▶ _Data segment_:

++++++++++++++++++++

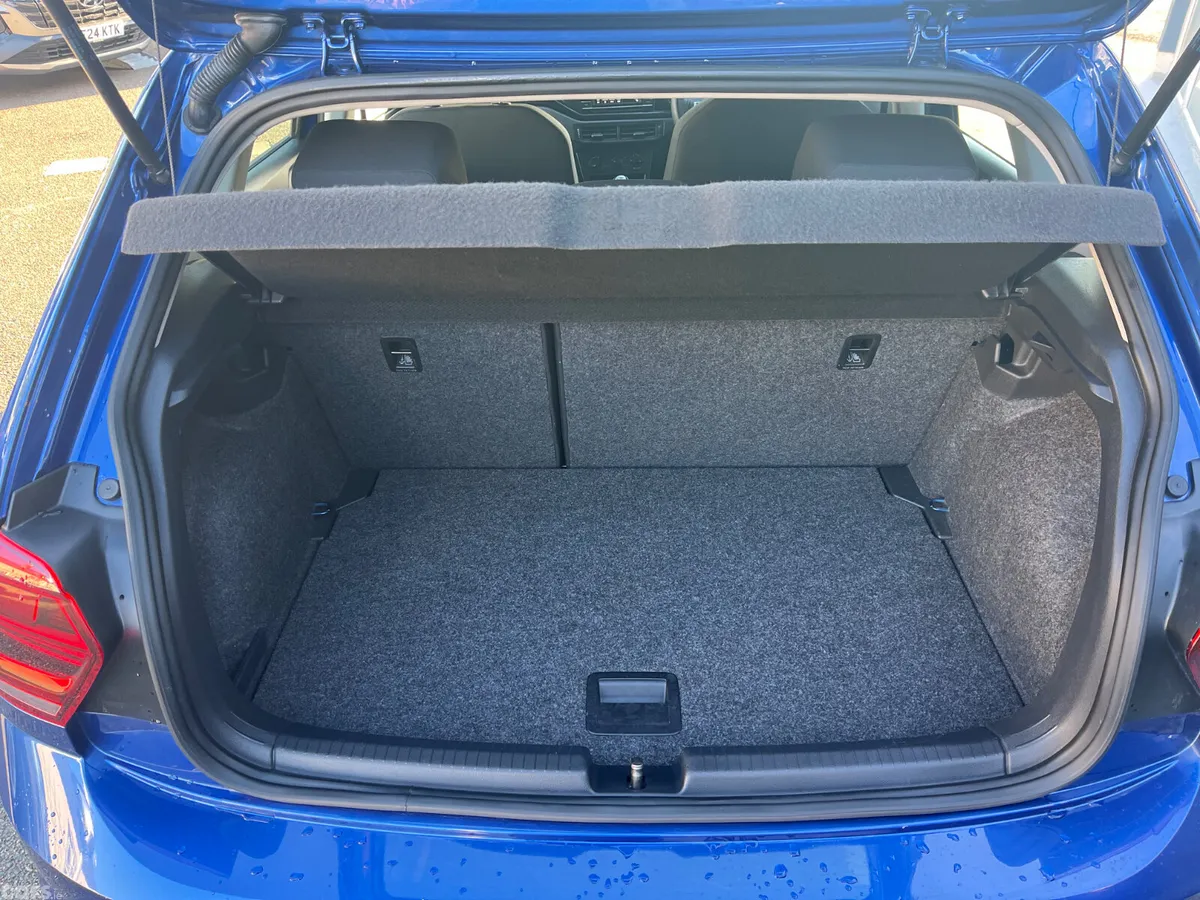Volkswagen Polo Hatchback, Petrol, 2021, Blue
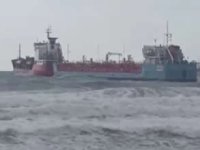 Florya açıklarında iki tankerden acil durum çağrısı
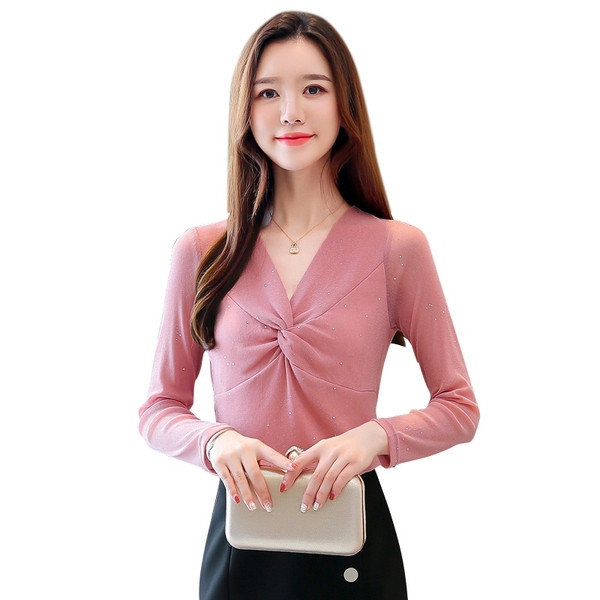 Aktuális női blúz három színben kövekkel és V-nyakkal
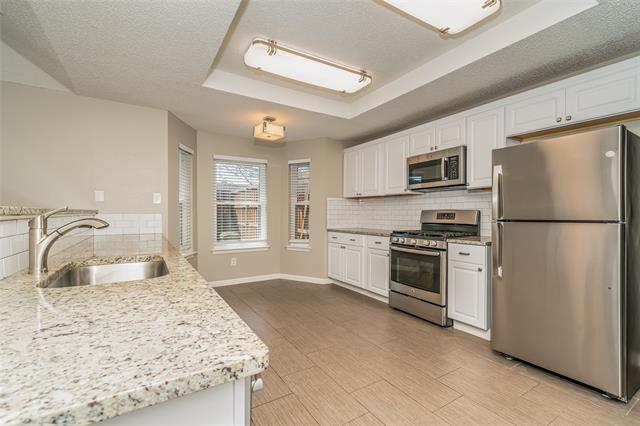 Building Photo - 824 De Soto Dr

++++++++++++++++++++

▶ _Problem statement_: Quote the data above in full, leaving out the pictures it holds.

▶ _Response area_:
Volkswagen Polo Hatchback, Petrol, 2021, Blue
 Florya açıklarında iki tankerden acil durum çağrısı
 Aktuális női blúz három színben kövekkel és V-nyakkal
 Building Photo - 824 De Soto Dr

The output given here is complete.